(DATASET SECTION)
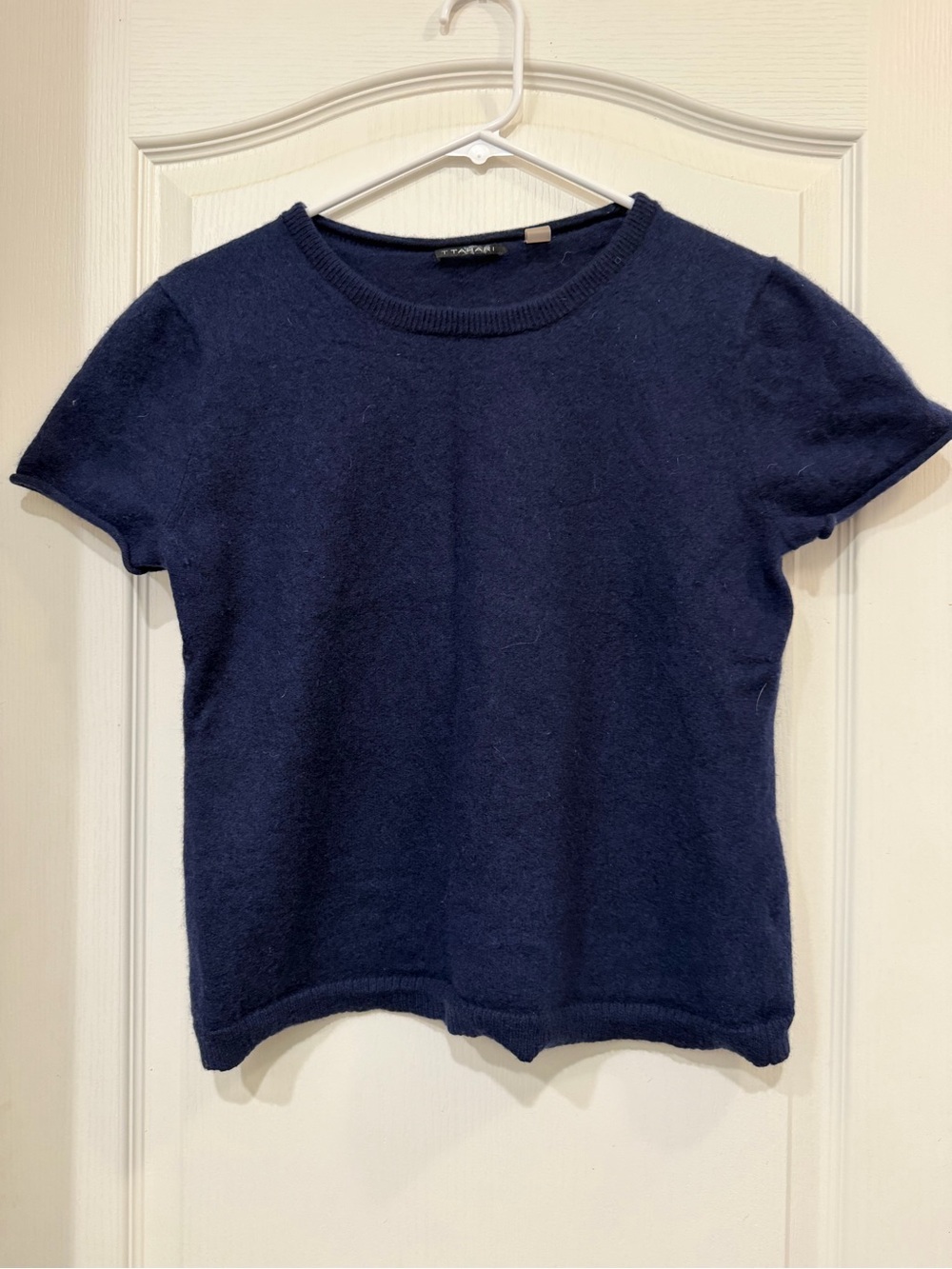 Tahari 100% CASHMERE Navy Short-Sleeve Knit Sweater Top - Kids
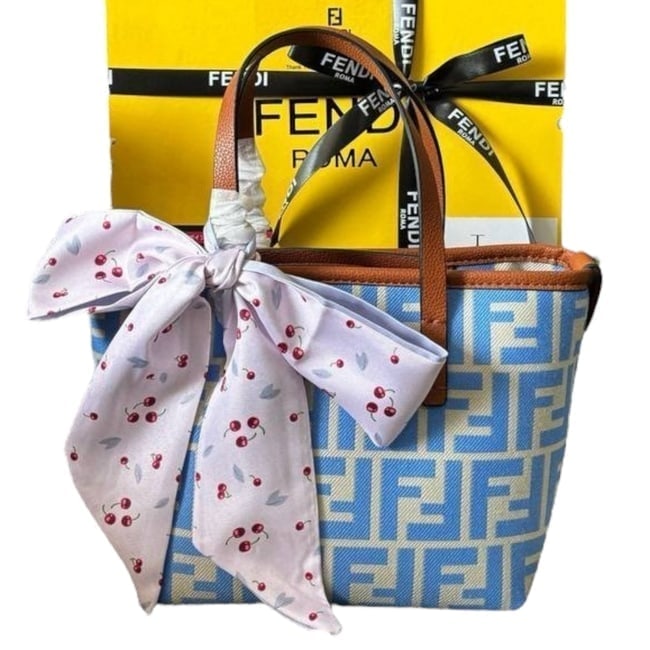 Fendi Blue/White Roll FF Jacquard Beaute Bag & Original Box (1 of 9)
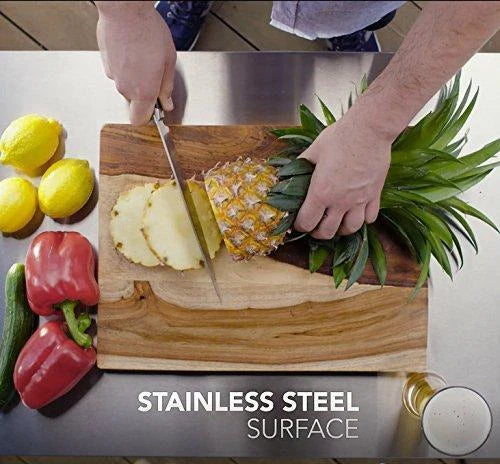 Keter Unity Portable Outdoor Table and Storage Cabinet with Hooks for Grill Accessories-Stainless Steel Top for Patio Kitchen Island or Bar Cart, Dark Grey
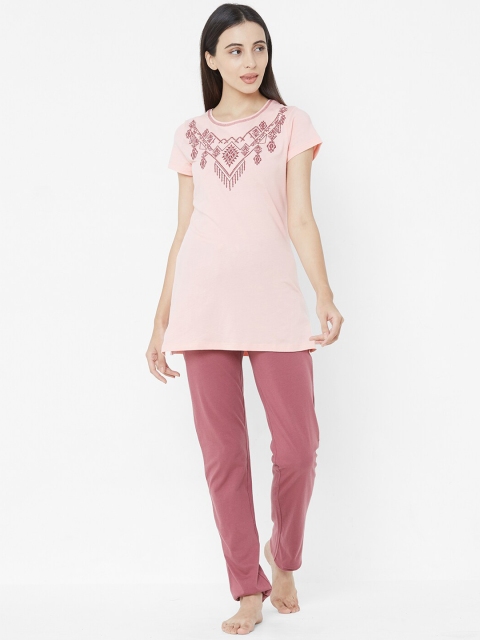 

Sweet Dreams Women Pink & Mauve Solid Night suit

(EXERCISE PROMPT) Here the job is to print the data above exactly, except for any pictures.

(EXERCISE ANSWER)
 Tahari 100% CASHMERE Navy Short-Sleeve Knit Sweater Top - Kids
 Fendi Blue/White Roll FF Jacquard Beaute Bag & Original Box (1 of 9)
 Keter Unity Portable Outdoor Table and Storage Cabinet with Hooks for Grill Accessories-Stainless Steel Top for Patio Kitchen Island or Bar Cart, Dark Grey

Sweet Dreams Women Pink & Mauve Solid Night suit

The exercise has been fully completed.